I Am a Million Things that No One Knows | Teen Ink

I Am a Million Things that No One Knows

January 18, 2012
By sammy_girl11 PLATINUM, Black Earth, Wisconsin
sammy_girl11 PLATINUM, Black Earth, Wisconsin
36 articles 1 photo 8 comments

And I'm not sure what the trouble was that started all of this
The reasons all have run away but the feeling never did
It's not something I would recommend, but it is one way to live
Cause what is simple in the moonlight, by the morning never is
- Bright Eyes, Lua


These fits in the bathroom, rocking back and forth and trying to remember how to breathe. The inability to sleep because the world is always ending. Feeling so incredibly inferior to everyone else.
Where’s the manual, please, on how to be a person? I feel like I’m failing, I’m falling and failing and flailing and I’m out of control. I’m the top that never stops. I’m spinning, whirling across the table in a blur. There is no beginning or end. There is only me, this mess of a person, trying so hard but with no signs of doing very well.
Can I just lay on the ground forever? The best is in the driveway in September around seven. Everything is golden and you forget all the bad things so easily.
Or else in the long grass, in the middle of July. Under a tree, when there’s nothing else you have to do. And you think about never getting up, falling asleep and waking up and living right there. Dying there. How easy it would be.
Living is exceptionally exhausting. This life will take everything from you, and it does sometimes unsympathetically. These are the times when I only want to feel the ground and see the sky. The two constants in this chaos.
People are so complicated. They are not good and bad, like they used to be when you were small. They are angry and imperfect, damaged and pretty. They are kind with secrets, or scared and sad. They are one million things and they even know what or why.
We are so small. We are on this spinning lump, in some corner of something much bigger, I’m sure. We’re trapped on this beautiful place, but we can never see all of it. Most people never see too much of it past their front door.
I have all these thoughts but I know nothing.
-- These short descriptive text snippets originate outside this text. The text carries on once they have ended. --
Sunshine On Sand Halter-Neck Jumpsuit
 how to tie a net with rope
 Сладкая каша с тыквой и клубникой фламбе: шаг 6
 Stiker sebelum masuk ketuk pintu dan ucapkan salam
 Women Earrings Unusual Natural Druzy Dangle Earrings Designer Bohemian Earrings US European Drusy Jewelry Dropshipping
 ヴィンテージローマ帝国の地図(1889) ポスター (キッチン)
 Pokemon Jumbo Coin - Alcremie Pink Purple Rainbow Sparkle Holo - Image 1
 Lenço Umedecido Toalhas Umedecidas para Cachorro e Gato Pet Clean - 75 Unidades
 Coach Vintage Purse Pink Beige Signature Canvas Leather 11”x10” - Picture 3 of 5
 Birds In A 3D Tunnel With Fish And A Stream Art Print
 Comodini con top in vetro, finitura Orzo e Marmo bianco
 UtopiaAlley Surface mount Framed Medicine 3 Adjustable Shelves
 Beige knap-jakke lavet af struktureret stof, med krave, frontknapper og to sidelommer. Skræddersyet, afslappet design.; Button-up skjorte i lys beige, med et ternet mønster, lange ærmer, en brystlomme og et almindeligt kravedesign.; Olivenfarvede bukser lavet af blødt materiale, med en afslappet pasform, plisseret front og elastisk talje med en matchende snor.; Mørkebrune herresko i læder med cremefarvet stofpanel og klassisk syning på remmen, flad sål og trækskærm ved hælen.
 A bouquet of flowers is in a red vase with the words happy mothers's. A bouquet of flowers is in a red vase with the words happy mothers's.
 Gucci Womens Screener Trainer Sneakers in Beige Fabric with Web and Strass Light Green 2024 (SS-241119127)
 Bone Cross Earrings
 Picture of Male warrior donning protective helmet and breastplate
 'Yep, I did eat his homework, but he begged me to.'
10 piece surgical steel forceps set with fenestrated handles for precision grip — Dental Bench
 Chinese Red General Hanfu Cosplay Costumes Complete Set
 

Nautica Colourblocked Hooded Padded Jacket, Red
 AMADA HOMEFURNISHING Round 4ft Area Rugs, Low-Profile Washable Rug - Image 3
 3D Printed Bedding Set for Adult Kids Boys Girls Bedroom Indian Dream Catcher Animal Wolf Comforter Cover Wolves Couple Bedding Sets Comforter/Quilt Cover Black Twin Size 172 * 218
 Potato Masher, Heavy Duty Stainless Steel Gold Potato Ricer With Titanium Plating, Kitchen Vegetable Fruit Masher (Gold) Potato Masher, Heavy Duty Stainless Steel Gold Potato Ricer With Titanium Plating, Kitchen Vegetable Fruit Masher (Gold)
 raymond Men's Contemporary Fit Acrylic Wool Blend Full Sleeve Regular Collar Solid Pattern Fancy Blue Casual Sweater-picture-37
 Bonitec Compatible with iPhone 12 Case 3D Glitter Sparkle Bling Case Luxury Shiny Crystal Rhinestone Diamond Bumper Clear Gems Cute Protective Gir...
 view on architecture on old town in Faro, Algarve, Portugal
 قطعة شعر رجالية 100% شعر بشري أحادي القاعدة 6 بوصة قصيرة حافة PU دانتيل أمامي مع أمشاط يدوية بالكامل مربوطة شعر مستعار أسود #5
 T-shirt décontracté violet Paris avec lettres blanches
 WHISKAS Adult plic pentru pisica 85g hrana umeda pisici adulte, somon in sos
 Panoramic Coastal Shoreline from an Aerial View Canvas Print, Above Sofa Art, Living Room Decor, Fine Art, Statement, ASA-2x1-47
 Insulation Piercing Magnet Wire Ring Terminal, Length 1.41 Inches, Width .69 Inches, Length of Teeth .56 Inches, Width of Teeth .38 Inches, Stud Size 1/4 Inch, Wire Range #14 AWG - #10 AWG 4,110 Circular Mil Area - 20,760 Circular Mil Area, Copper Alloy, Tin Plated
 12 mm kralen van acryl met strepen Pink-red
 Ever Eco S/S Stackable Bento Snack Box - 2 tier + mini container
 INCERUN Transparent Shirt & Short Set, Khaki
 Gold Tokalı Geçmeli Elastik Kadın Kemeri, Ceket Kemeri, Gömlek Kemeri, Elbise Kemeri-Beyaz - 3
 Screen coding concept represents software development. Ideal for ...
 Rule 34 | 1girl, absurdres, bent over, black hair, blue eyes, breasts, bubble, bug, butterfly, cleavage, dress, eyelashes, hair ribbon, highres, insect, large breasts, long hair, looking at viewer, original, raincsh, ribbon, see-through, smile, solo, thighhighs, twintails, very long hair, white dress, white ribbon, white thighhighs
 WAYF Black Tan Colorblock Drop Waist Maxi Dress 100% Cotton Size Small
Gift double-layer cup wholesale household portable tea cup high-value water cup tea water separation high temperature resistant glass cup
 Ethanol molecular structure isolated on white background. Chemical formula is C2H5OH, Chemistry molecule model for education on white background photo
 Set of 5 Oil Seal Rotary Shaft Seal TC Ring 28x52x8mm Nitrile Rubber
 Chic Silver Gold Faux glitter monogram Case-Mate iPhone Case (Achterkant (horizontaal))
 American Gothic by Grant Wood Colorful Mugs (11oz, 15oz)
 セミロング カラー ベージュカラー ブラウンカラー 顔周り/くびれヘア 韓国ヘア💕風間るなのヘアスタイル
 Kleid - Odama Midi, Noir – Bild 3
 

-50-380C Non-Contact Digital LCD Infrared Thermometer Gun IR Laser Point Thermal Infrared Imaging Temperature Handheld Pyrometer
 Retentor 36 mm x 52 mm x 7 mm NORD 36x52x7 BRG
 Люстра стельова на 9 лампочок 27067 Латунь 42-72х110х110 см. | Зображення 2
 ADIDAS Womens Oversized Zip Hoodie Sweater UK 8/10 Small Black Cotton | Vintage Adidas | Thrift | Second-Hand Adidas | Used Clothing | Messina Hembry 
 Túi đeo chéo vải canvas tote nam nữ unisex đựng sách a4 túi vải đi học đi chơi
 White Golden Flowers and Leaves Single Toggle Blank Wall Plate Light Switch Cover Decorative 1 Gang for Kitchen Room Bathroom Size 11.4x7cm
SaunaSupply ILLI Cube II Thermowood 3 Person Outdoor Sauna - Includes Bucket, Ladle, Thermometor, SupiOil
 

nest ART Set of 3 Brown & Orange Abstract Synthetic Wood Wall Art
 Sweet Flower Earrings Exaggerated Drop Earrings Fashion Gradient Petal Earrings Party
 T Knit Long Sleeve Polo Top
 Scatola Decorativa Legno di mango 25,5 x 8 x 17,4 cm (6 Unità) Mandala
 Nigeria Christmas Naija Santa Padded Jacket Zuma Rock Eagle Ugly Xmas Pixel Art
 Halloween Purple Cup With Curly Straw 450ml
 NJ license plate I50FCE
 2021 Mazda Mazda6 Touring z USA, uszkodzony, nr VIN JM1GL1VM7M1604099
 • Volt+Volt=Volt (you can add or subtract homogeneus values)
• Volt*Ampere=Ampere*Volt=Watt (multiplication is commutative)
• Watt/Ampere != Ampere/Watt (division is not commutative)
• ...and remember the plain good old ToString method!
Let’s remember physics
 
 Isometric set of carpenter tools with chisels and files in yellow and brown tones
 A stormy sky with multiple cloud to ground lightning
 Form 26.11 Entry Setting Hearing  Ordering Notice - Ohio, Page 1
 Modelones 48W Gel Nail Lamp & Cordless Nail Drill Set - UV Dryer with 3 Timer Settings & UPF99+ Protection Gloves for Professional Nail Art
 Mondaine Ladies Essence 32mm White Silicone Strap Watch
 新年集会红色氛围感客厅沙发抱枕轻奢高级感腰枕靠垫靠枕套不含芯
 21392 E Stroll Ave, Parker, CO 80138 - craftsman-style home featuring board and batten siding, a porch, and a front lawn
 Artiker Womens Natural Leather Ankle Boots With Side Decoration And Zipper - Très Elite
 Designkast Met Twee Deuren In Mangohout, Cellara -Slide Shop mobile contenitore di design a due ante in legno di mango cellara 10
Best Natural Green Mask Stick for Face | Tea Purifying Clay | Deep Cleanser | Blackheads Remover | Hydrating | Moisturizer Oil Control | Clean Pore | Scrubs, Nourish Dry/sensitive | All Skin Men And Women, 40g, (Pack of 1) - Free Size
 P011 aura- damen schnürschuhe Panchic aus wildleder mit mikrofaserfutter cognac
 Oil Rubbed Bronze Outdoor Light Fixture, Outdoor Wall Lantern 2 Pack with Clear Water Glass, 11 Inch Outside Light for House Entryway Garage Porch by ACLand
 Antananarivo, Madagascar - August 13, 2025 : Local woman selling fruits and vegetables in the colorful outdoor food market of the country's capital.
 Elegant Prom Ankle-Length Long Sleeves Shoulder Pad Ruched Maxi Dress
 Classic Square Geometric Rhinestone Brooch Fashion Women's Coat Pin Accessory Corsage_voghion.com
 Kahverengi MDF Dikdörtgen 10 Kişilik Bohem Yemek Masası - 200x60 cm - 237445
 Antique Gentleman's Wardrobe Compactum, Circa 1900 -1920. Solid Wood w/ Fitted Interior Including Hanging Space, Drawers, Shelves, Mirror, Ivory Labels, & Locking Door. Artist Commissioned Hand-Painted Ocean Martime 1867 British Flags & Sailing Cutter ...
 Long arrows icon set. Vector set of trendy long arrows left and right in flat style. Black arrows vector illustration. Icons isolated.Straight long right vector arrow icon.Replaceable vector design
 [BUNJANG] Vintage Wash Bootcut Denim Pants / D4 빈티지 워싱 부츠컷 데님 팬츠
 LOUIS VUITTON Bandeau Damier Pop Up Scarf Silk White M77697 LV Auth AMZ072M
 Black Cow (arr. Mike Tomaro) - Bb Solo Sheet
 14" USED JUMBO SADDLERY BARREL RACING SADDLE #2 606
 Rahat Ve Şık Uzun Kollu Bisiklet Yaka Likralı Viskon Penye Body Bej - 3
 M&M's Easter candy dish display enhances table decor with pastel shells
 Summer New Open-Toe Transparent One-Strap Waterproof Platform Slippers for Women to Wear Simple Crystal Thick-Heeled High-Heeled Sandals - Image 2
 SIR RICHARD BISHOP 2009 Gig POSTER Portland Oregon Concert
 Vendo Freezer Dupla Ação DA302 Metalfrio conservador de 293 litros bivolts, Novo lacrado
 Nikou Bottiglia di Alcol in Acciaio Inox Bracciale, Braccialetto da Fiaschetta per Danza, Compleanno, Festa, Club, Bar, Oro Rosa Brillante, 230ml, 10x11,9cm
I go along with everyone else and muddle through this routine day after day, only hoping something comes flying in once in a while to save me from the sameness. I am no exception to the norm. I am insignificant and little. I am a million things that no one knows. I am the blur, spinning, flying, running towards the horizon. I am nothing and I am everything that matters. There is no one else if I close my eyes. There’s only the way the sunshine feels on your legs in March, the smell of cinnamon floating through the house. There’s only the way you can feel the beat of a base drum resonate throughout your body, and how you can look at someone and just love them without even trying.
There are moments when everything is perfect, and you aren’t yourself, you’re everything around you.
When you look in the mirror and forget that you are a person, not just watching this marvelous world but an actual part in it. You are actually real, alive, breathing, living, doing. You are something, you are important but only relatively, of course. You can sing and dance and do whatever you want. You can fly.